Taylor-Joy is captivating in the title role of this dystopian, sci-fi, horror thriller that was produced by the legendary Ridley Scott. Basically, this movie is Frankenstein with a technological and gender spin. The story follows Lee Weathers (Kate Mara) as a corporate cog who ventures to a far off location to check out something called the L-9 project. She’s going to decide if SynSect, the corporation she works for, should continue funding the project that created a synthetic human being called Morgan. What follows is a creation gone wrong tale in which Weathers soon realizes that she is in control of nothing, and Morgan (a 5 year old in the body of a teenager) can actually terminate Weathers (and anyone else) whenever she likes. Filled with tension, jump scares, and the kinds of ethical questions these movies usually ask, Morgan is one of the more interesting films to have come out in 2016 and the lion-share of this is because of how Taylor-Joy plays this rich character.
So strong is the cast in this movie about a man with 23 personalities that it’s easy to overlook just how good Anya Taylor-Joy is. In fact, James McAvoy is so strong in the role of Kevin Wendell Crumb, that it actually makes the power of Taylor-Joy’s nuanced performance that much greater. As Casey, a person who has been kidnapped to be killed by Kevin’s 24th personality, Taylor-Joy uses every bit of screen time she has trying to connect with any personality of Kevin’s that isn’t devious. This starts a dangerous game of manipulation that sees the clock ticking on Kevin’s ability to hold his mind and personalities together. What ensues is a deadly game of cat and mouse in which Taylor-Joy shines against the uber-strong performance of McAvoy’s many characters. Sold as a horror thriller, Split is one of those rare movies that is every bit as artistic as it is scary. Part of the M. Night Shyamalan comeback story, Taylor-Joys performance is every bit the equal to that of the brilliant McAvoy.
The New Mutants
One might wonder what could be special about a film that had 5 (yes, 5) release dates. Initially, this saga of 5 mutants in the X-Men universe who are net yet adults, had its release postponed for reshoots and then our present situation. Eventually, it came out in the fall of 2020 and was skewered fairly hard by just about everyone. However, there’s always a bright spot in movies like this and one of them is Anya Taylor-Joy’s depiction of Illyana Rasputin aka Magik. With powers of sorcery and teleportation, Taylor-Joy gives a layered performance in a movie that could be seen as little more than a superhero action flick. With her shimmering blonde locks, the actress straddles the fence between presenting evil but having a strong core of goodness. There are other standouts in this cast as well (Stranger Things Charlie Heaton being one of them), but what The New Mutants might ultimately be remembered for is showcasing this stand-out performance from Taylor-Joy before everyone discovered her in that Netflix TV show.

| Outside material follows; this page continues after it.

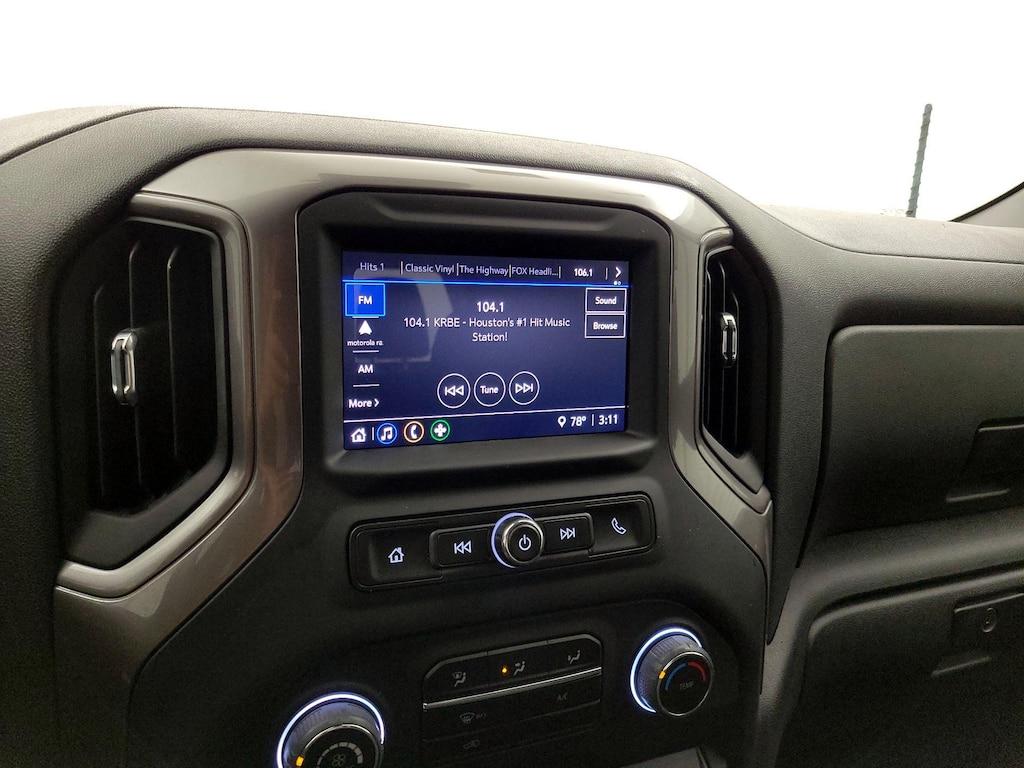 used 2023 Chevrolet Silverado 1500 car, priced at $29,998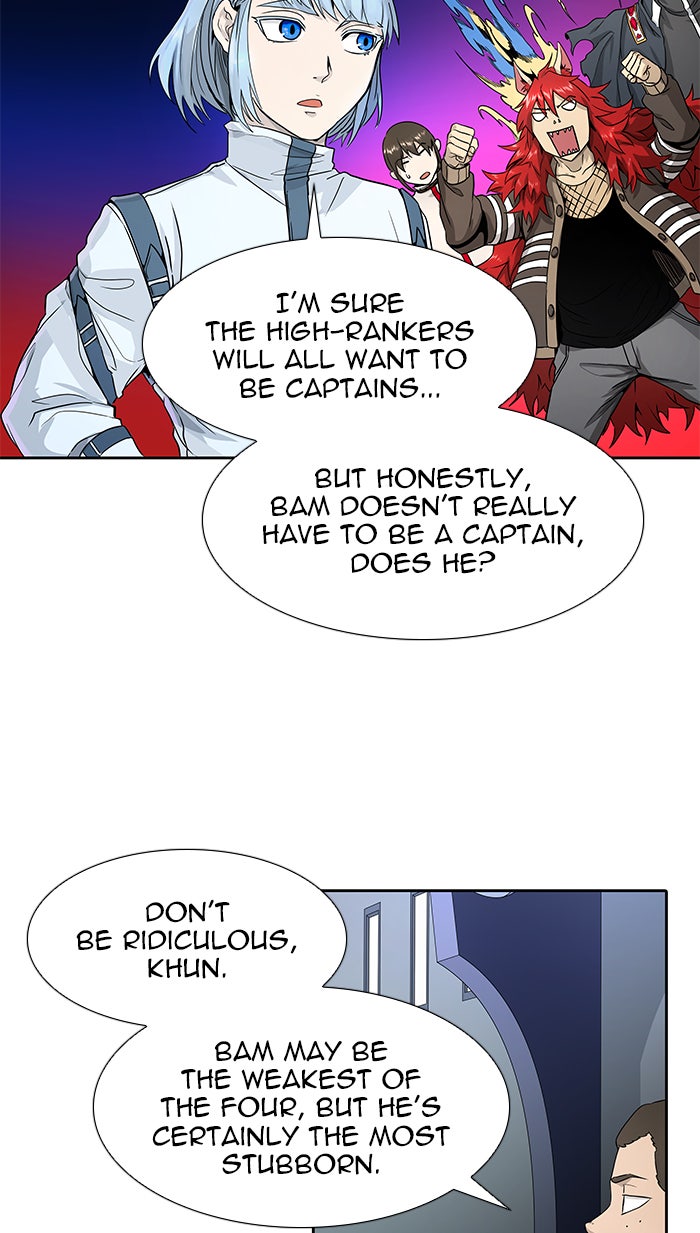 Read Tower of God En Manga Online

Taylor-Joy takes on a smaller role in this Rosamund Pike-led story about noted scientist Marie Curie (she was a pioneering physicist who explored the area of radioactivity). In the role of Irene Curie, Taylor-Joy shines again as Marie Curie’s daughter. Through the character of Irene we see what it is like to live in the large shadow cast by her mother. The role is of a supporting variety to be sure, but it clearly showed that Taylor-Joy can hold her her own against the likes of Pike, Sam Riley and Aneurin Barnard among others. Directed by Marjane Satrapi (Persepolis), Radioactive is the kind of movie that again drives home the point that to be truly great one must push hard against the forces that keep certain institutions in place. Anya Taylor-Joy is excellent as the character that sort of acts as a surrogate for us, as we watch Rosamund Pike blast her way through various hurdles of convention.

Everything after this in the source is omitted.